The housing project, called Gardenview Estates, is located at the former site of the Herman Gardens public residential project – an area where there are a lot of cheap foreclosures for sale.

The developers said they know the record numbers of properties entering foreclosure auctions in Detroit and the price competition that these bargain-priced properties impose on new projects. But they insist there is a market for green homes.

Besides, the project has been affirmed and supported by the city of Detroit, the Detroit Housing Commission and the U.S. Department of Housing and Urban Development. One of its loftier goals is to replace the World War II public housing facility with a mix of energy-efficient affordable housing and rental homes for senior citizens and lower-income families.

The green single-family homes would be sold at prices that start at $140,000 and would cater to the housing needs of people with different levels of income. While certain investors and owner-occupant buyers may prefer buying from the large inventory of Detroit cheap homes, buyers who are conscious about the environment and the redevelopment of older housing projects will welcome projects like the Gardenview Estates.

According to the three developers involved in the project, similar projects in Detroit like the Jefferson Village, Victoria Park and Clairpointe have been sold successfully. The developers – William Phillips, William Richardson and Dwight Belyue – have worked together over the past ten years on various urban development projects.
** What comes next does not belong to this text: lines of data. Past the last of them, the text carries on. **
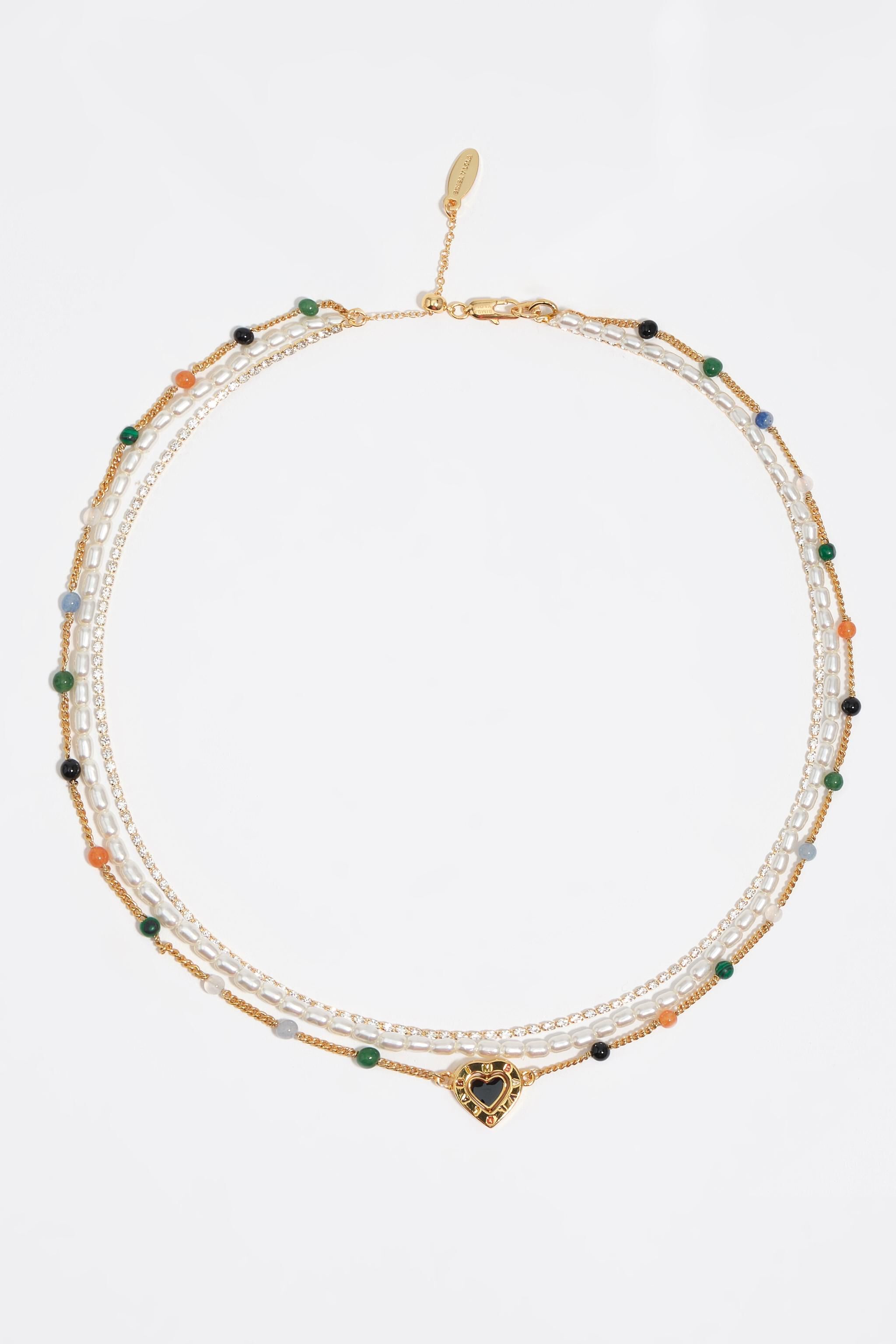 Halsband med tre stenar och hjärte logo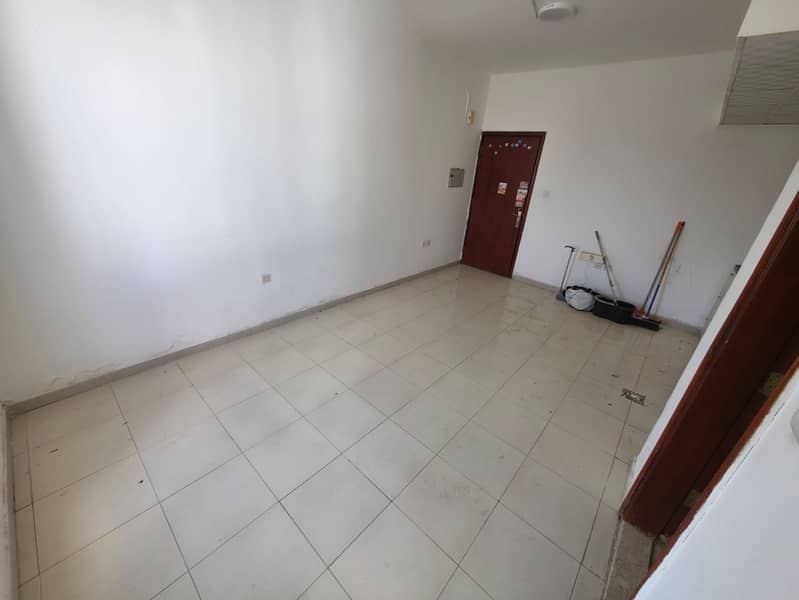 Premium Studio Apartment for Annual Rent in Al Rawda, Ajman If you're looking for accommodation that combines a prime location with comfort,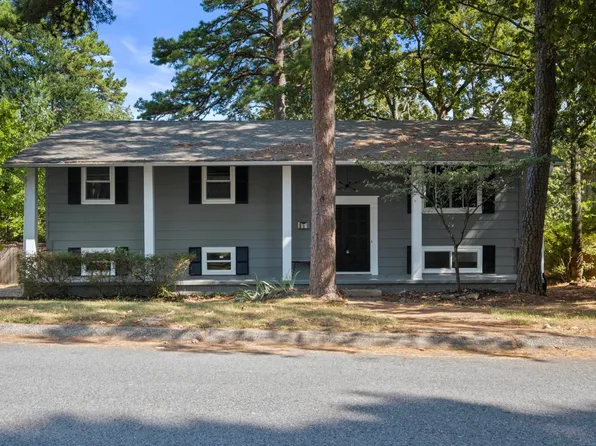 23 Crownpoint Rd, Little Rock, AR 72227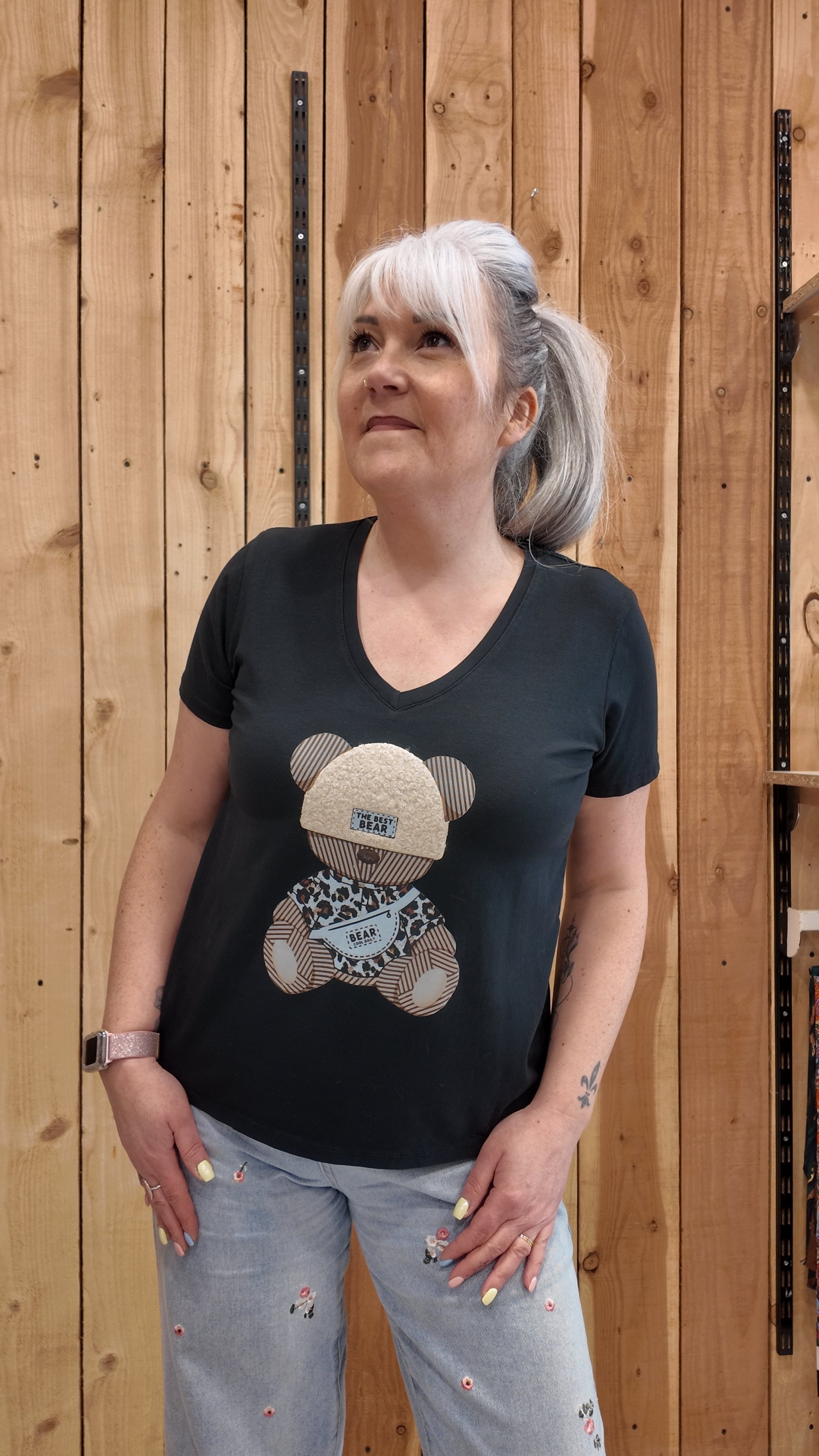 T-shirt femme noir imprimé ours col V look décontracté chic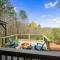 Golden Getaway - Mountain Views, Hot Tub, Outdoor Fire Pit, Cozy Accommodations - Mineral Bluff, GA - Mineral Bluff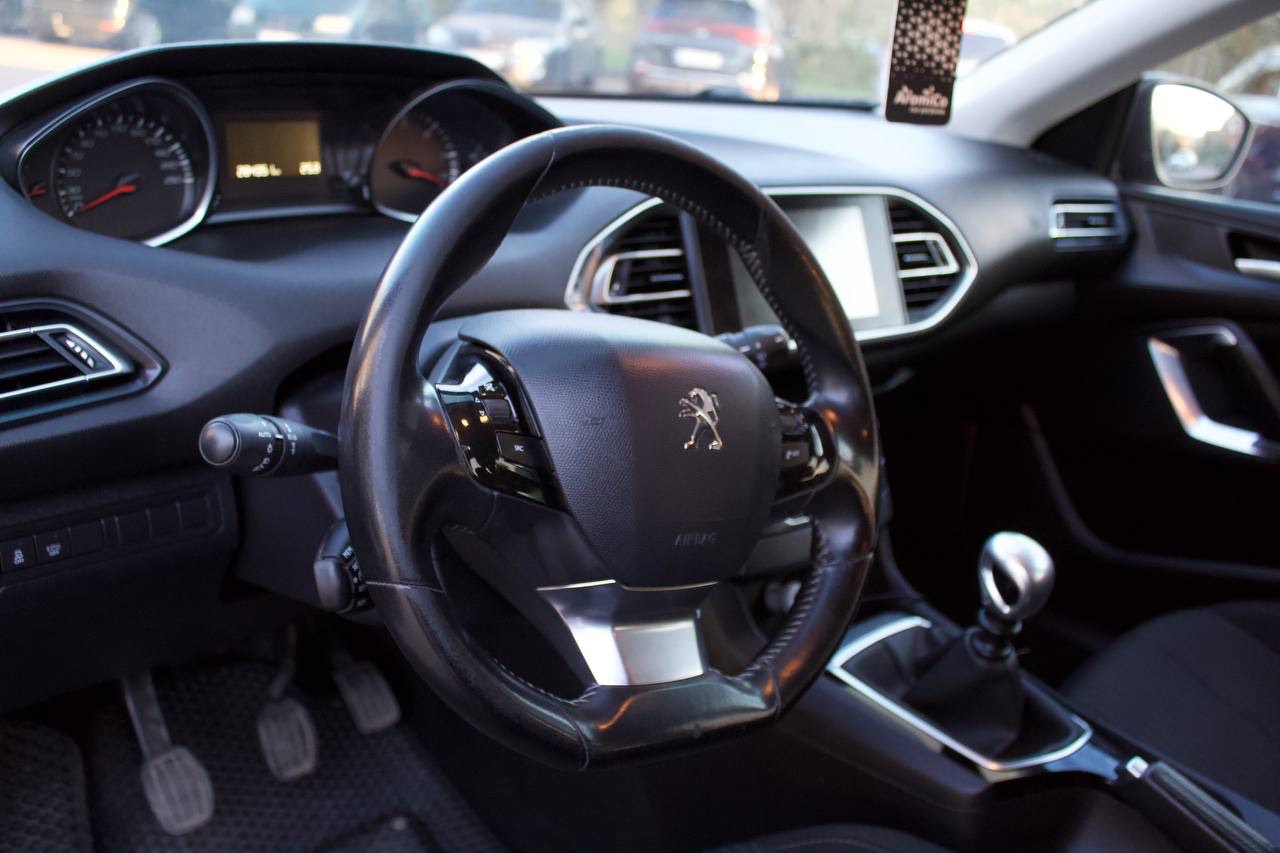 Peugeot 308 - фото 10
The project has been honored by the Building Industry Association of Southeastern Michigan with its Development of the Year award and has been awarded by the city with various buyer incentive programs.
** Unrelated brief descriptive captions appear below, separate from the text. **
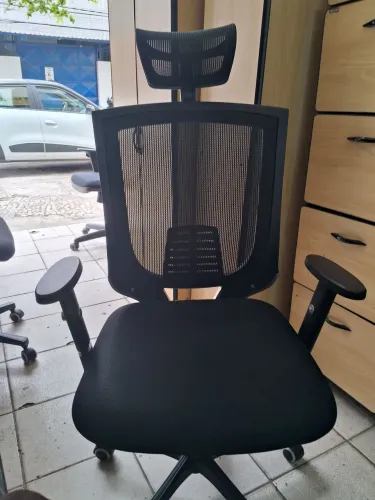 Cadeira presidente relax. Com regulagem de altura e braços 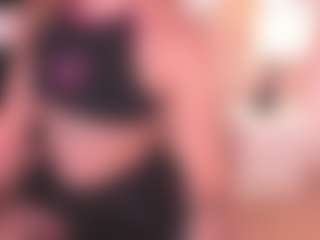 crystalrosee1's Live Sex Cam Show
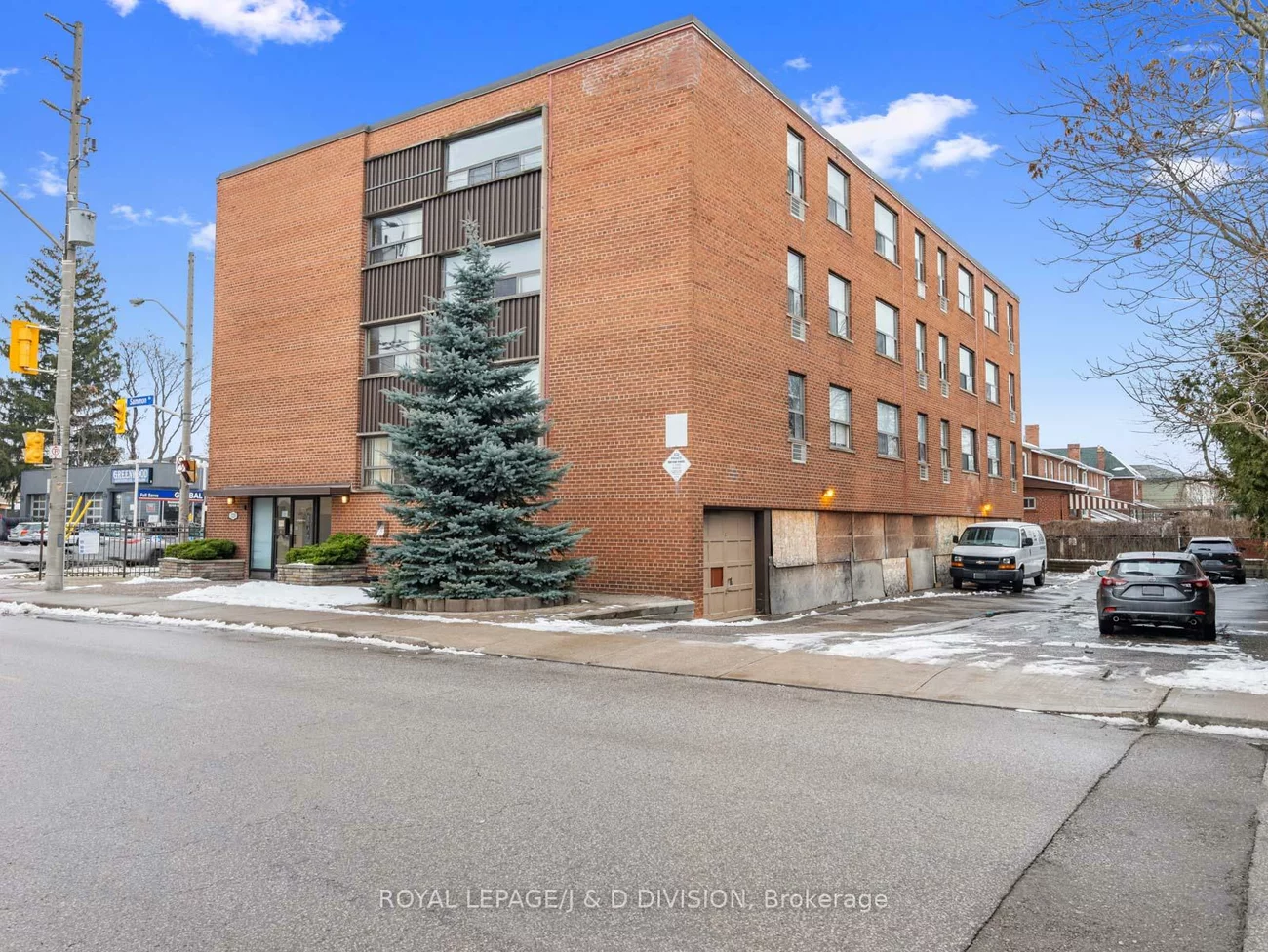 325, Sammon, Danforth Village-East York, Toronto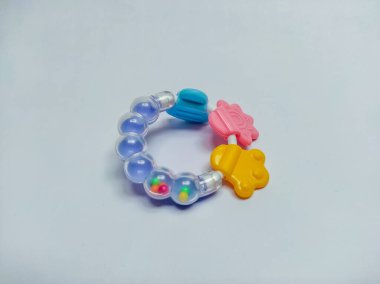Yeni doğmuş plastik çiğneme oyuncağı. Küçük bebekler için plastik renkli anahtarlar. Diş çıkarma oyuncakları. Bebek Bağlayıcısı Silikon Çiğneme Oyuncakları Yeni Doğan Bebek için.
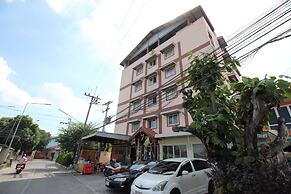 OYO 689 Baan Yuyuen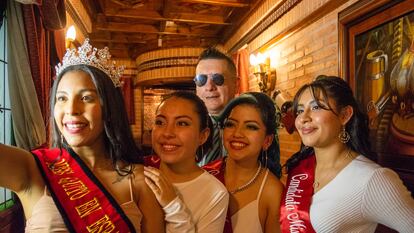 Las candidatas a Miss Quito 2023, con la ganadora de la edición de 2022, Karla Angulo, y el organizador del evento, Rafael Raza.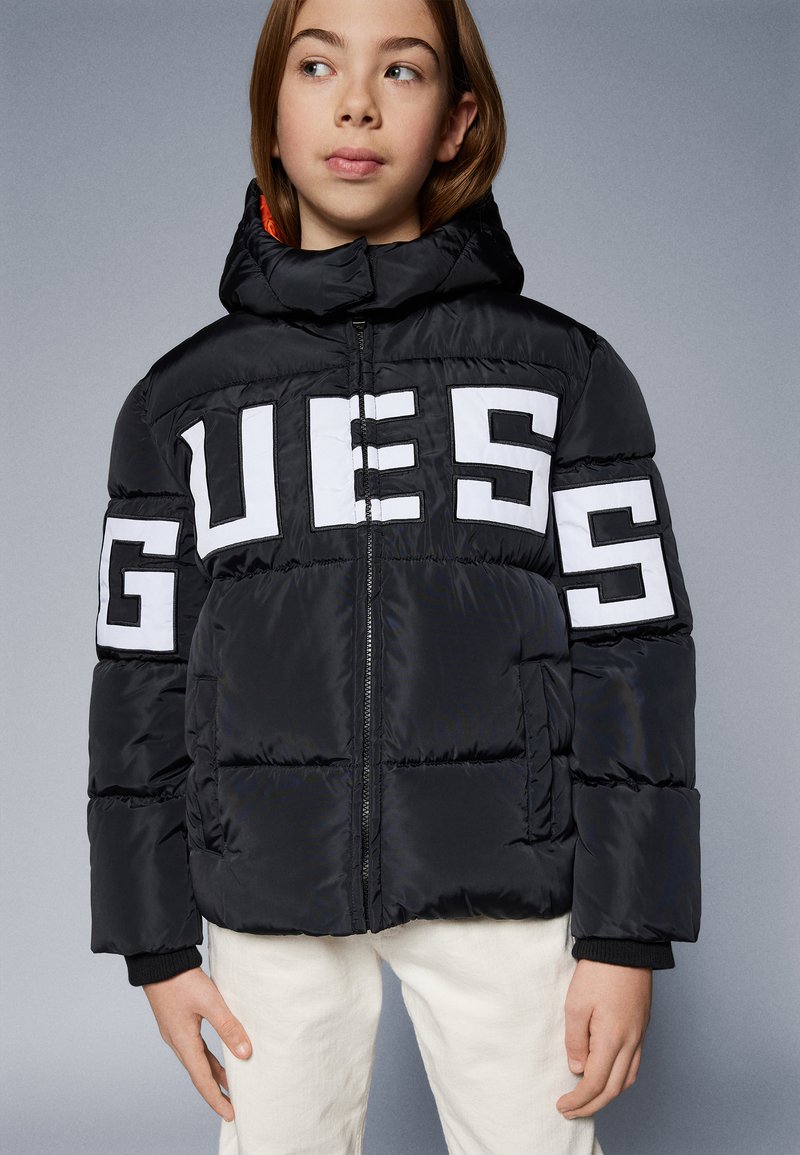 Guess JUNIOR HHOODED PADDED - Vinterjakke - jet black a996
Buyers of units at Gardenview Estates will be granted tax abatement under the Neighborhood Enterprise Zone development program and down payment assistance from the City of Detroit Home Funds.

The homes will all be three-bedroom units with two price levels: the smaller home lots will sell starting at $140,000 and the bigger home lots will sell starting at $180,000. Green-construction standards like the use of energy-efficient roofing materials, furnaces and insulation will be applied.

According to the developers, the project can compete successfully with Detroit cheap homes through its efforts to provide a sustainable neighborhood for families.